(Extracted records)
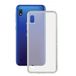 Ksix Samsung Galaxy A10 Flex Transparant Hoes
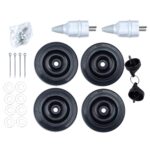 Dieselová elektráreň Procraft DP35 | DP35 – Obrázok 14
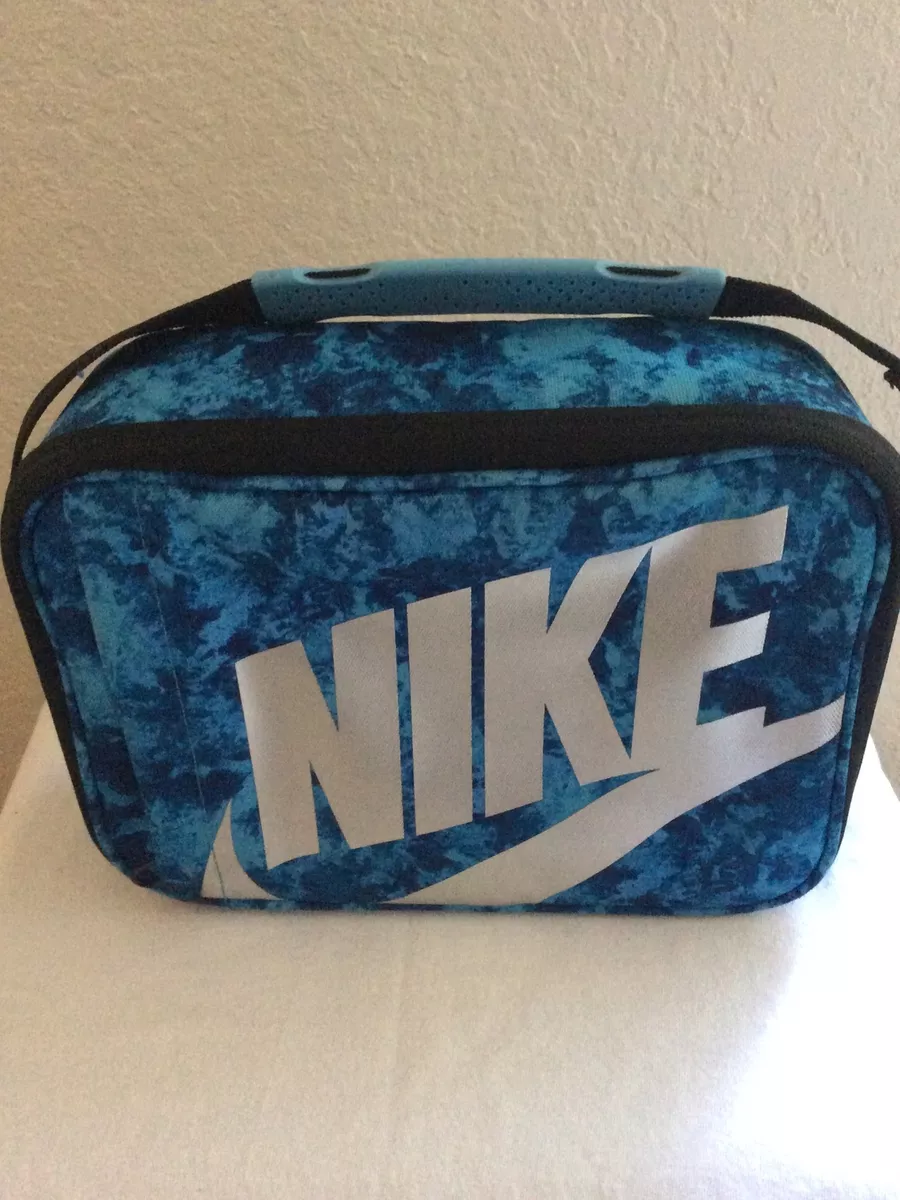 Nike Futura Fuel Lunch Box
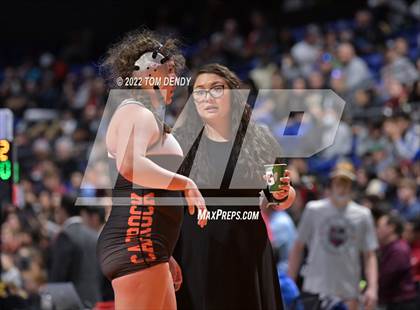 Thumbnail 1 in UIL State Championships - 5A 148lb Final photogallery.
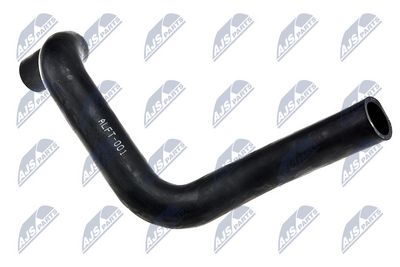 Radiator Hose NTY CPP-FT-001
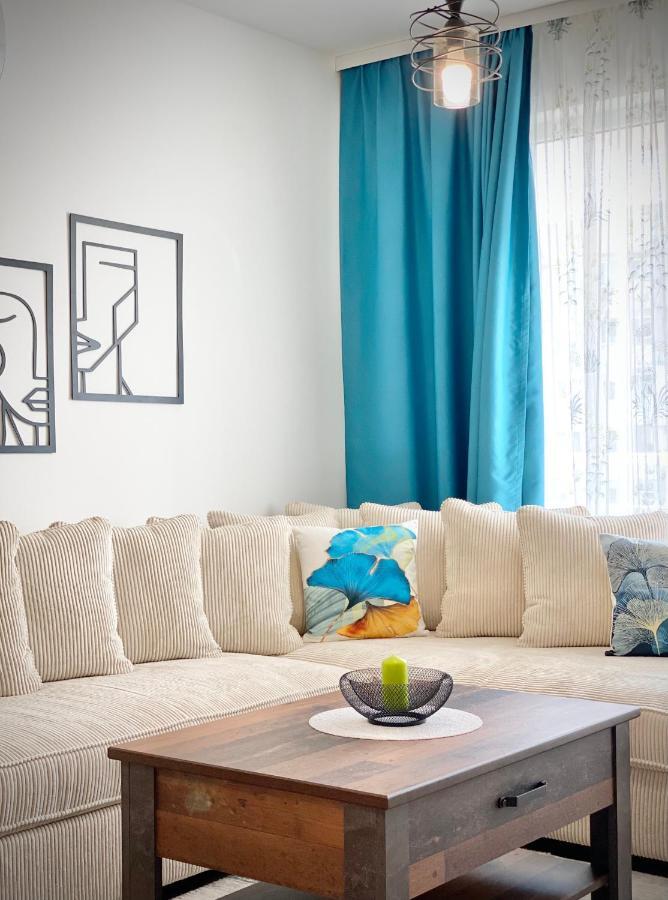 Colourful Apartment For 4 Guests And Free Parking 스타라 자고라 외부 사진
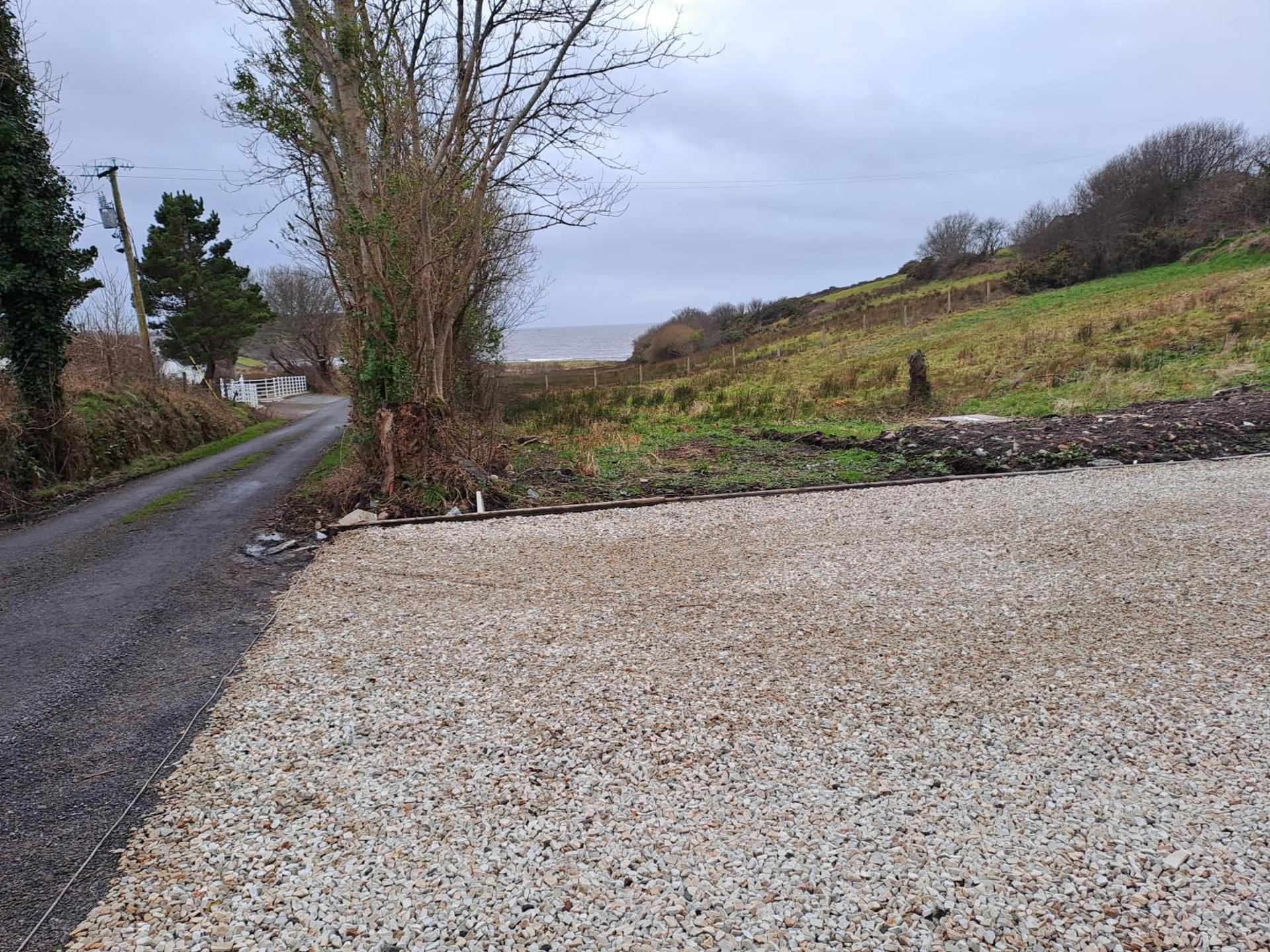 Blaneys Coastal Cottage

_WHAT IS REQUIRED_
Set down the entries exactly as they appear, with every picture left out.

_ANSWER_
 Ksix Samsung Galaxy A10 Flex Transparant Hoes
 Dieselová elektráreň Procraft DP35 | DP35 – Obrázok 14
 Nike Futura Fuel Lunch Box
 Thumbnail 1 in UIL State Championships - 5A 148lb Final photogallery.
 Radiator Hose NTY CPP-FT-001
 Colourful Apartment For 4 Guests And Free Parking 스타라 자고라 외부 사진
 Blaneys Coastal Cottage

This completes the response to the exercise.